Matter of Stowits (Commissioner of Labor) (2018 NY Slip Op 01530)
Matter of Stowits (Commissioner of Labor)
2018 NY Slip Op 01530
Decided on March 8, 2018
Appellate Division, Third Department
Published by New York State Law Reporting Bureau pursuant to Judiciary Law § 431.
This opinion is uncorrected and subject to revision before publication in the Official Reports.


Decided and Entered: March 8, 2018

525299

[*1]In the Matter of the Claim of GWEN G. STOWITS, Appellant.

and

COMMISSIONER OF LABOR, Respondent.


Calendar Date: January 23, 2018
Before: McCarthy, J.P., Lynch, Aarons, Rumsey and Pritzker, JJ.

Gwen G. Stowits, Waverly, appellant pro se.

Eric T. Schneiderman, Attorney General, New York City (Bessie Bazile of counsel), for respondent.



MEMORANDUM AND ORDER

Appeal from a decision of the Unemployment Insurance Appeal Board, filed June 7, 2017, which ruled that claimant was disqualified from receiving unemployment insurance benefits because her employment was terminated due to misconduct.

Claimant worked at a distribution center for approximately 3½ years. In August 2016, she verbally berated and used profanity toward a new employee causing the employee to become upset and quit her job. Claimant received a written warning advising her that further instances of disrespectful and rude conduct, which was contrary to the standards of behavior set forth in the employment manual, would result in her termination. In November 2016, claimant threatened to kick another employee if he got in her way. Her employment was terminated shortly thereafter. Claimant filed a claim for unemployment insurance benefits and it was denied on the ground that she was discharged for misconduct. This determination was upheld by an

Administrative Law Judge and later by the Unemployment Insurance Appeal Board. Claimant now appeals.

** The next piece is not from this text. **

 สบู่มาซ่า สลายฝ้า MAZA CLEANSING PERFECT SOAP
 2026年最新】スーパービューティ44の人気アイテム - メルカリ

We affirm. An employee who exhibits disrespectful, rude, harassing or threatening behavior toward a coworker may be found to have engaged in misconduct disqualifying the employee from receiving unemployment insurance benefits (see Matter of Pierre [FJC Sec. Servs., Inc.-Commissioner of Labor], 141 AD3d 1069, 1069 [2016], lv dismissed 29 NY3d 1143 [2017]; Matter of Campon [Commissioner of Labor], 122 AD3d 1228, 1228-1229 [2014]; Matter of Mercurio [Commissioner of Labor], 301 AD2d 939, 940 [2003]). Here, there was evidence that claimant harassed a newly hired employee and, after receiving a written warning, threatened to physically harm another employee. Claimant's contrary testimony presented a credibility issue for the Board to resolve (see Matter of Hernandez [Commissioner of Labor], 98 AD3d 1185, [*2]1185 [2012]; Matter of Colindres [Commissioner of Labor], 91 AD3d 991, 992 [2012]). Accordingly, inasmuch as substantial evidence supports the Board's decision, we find no reason to disturb it.

McCarthy, J.P., Lynch, Aarons, Rumsey and Pritzker, JJ., concur.

ORDERED that the decision is affirmed, without costs.